Researchers Find Two Length Scale of Rigidity Percolation in Nonequilibrium System

Release time:2020-07-03Browse times:55

A research group led by Prof. XU Ning from University of Science and Technology of China (USTC) of the Chinese Academy of Sciences (CAS), collaborating Prof. DENG Youjing, made progress in the research on the rigid percolation associated with the jamming transition. The study was published in Physical Review Letters. 

Percolation refers to the process of a liquid moving gradually through a porous disordered medium. It happens when pores are randomly blocked to a certain degree so that the liquid stops flowing. Percolation in a thermodynamic equilibrium system is relatively fully studied whereas distinct behaviors in a nonequilibrium system still remain to be explained. 

The jamming transition is a typical nonequilibrium solid-fluid transition. When the packing density of a large number of short-range interacting particles increases, nonrigid unbonded liquid will be converted to rigid blocked solid. For purely repulsive particles, rigidity in the jamming transition is discontinuous, presenting the characteristic of the first order transition.  

However, attraction force is often exists in real systems, which may change the transition characteristic. Compared with purely repulsive systems, the study of attractive systems has more practical merits. 

In this study, the researchers expanded the conventional perception that in the presence of attraction, the jamming transition corresponds to the rigidity percolation by discovering the abnormal rigidity percolation transition in a nonequilibrium system.

When the range of attraction is long, the jamming transition still exhibits behaviors similar to the rigidity percolation in an equilibrium system. The critical index is consistent to traditional hyperscaling relation. When the range of attraction is short, however, the distribution of the size of rigid clusters shows two distinct values, reflecting the largest cluster and the other cluster, respectively. Interestingly, in spite of the difference, these two type of clusters still have the same fractal dimension.  

With the system’s expansion, two clusters both grow and tend to diverge in the thermodynamic size limit but in different growth rate. This indicates that there exists two length scales in an equilibrium system which is out of expectation since the single scale of the rigidity percolation. 

In the framework of the two-scale scenario, the researchers derived a generalized hyperscaling relation to explain the deviation of hyperscaling brought by two distinct length scales. Researchers also proposed that as long as attractive forces exist, the percolation associated with the jamming transition is continuous.

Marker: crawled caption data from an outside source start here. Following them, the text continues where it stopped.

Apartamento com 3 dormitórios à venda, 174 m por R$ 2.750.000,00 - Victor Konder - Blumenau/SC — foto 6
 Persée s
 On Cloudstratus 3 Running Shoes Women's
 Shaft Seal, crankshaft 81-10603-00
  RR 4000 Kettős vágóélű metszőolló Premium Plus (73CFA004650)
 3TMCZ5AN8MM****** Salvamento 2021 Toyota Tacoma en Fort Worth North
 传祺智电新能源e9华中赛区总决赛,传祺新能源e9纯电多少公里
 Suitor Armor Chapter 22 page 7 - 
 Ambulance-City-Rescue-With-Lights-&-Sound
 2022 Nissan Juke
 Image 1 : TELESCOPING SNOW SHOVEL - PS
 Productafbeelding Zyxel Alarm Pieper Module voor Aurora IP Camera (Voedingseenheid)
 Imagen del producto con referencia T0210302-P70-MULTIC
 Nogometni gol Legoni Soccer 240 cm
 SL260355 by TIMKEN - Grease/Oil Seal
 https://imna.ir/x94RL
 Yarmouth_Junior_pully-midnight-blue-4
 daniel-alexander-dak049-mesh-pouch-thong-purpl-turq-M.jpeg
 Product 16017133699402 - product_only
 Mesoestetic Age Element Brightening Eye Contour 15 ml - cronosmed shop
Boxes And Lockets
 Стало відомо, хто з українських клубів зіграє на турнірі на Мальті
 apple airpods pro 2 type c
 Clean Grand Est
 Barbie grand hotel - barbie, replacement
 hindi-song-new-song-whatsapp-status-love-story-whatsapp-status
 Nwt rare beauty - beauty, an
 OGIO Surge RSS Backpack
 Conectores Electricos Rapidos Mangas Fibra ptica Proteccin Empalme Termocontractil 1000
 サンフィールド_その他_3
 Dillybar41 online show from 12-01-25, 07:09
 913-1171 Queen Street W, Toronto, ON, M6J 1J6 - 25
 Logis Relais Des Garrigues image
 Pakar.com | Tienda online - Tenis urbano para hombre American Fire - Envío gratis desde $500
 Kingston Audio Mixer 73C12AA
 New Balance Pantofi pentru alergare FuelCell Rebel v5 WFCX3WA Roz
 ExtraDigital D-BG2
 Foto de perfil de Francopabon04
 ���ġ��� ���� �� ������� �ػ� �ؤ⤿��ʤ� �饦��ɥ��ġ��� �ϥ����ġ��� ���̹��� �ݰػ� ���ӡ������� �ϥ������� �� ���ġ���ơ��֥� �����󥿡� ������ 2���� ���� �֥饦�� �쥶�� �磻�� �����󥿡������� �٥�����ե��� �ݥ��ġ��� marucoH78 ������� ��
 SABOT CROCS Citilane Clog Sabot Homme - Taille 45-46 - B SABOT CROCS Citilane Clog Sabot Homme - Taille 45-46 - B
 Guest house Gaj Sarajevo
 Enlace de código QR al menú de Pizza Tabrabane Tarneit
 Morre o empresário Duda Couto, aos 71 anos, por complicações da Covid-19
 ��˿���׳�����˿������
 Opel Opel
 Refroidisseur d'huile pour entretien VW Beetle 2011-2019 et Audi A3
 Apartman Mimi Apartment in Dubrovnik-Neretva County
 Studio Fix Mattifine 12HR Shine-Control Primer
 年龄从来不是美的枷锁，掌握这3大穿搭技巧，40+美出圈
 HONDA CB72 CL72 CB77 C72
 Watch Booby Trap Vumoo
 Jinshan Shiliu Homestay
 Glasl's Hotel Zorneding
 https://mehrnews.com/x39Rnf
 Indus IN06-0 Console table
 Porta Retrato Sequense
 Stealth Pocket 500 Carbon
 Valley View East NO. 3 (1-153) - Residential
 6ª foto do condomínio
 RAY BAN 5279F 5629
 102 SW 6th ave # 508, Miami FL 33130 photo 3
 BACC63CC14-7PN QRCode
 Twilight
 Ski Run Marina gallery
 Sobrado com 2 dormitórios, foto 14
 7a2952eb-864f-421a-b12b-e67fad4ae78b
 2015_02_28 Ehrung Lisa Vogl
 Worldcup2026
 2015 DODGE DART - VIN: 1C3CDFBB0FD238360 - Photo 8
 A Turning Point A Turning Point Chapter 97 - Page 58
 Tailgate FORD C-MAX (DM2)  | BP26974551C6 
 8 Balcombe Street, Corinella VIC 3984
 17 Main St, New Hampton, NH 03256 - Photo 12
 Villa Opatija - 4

When attractive forces approaching zero, the characteristics of the jamming transition and a pure repulsive system are still intrinsically different.

The research provides new insights into the study of nonequilibrium system and has profound implications for the jamming transition.

The left is the rigidity percolation of sticky particles. Red represents the largest rigid cluster and blue represents the second largest cluster. The right is the distribution P(s) of the size s of rigid clusters under the circumstances of long-rang attraction (a) and short-range attraction (b). Compared to the single distribution index shown in (a), two distinct indexes shown in (b) suggest two scales.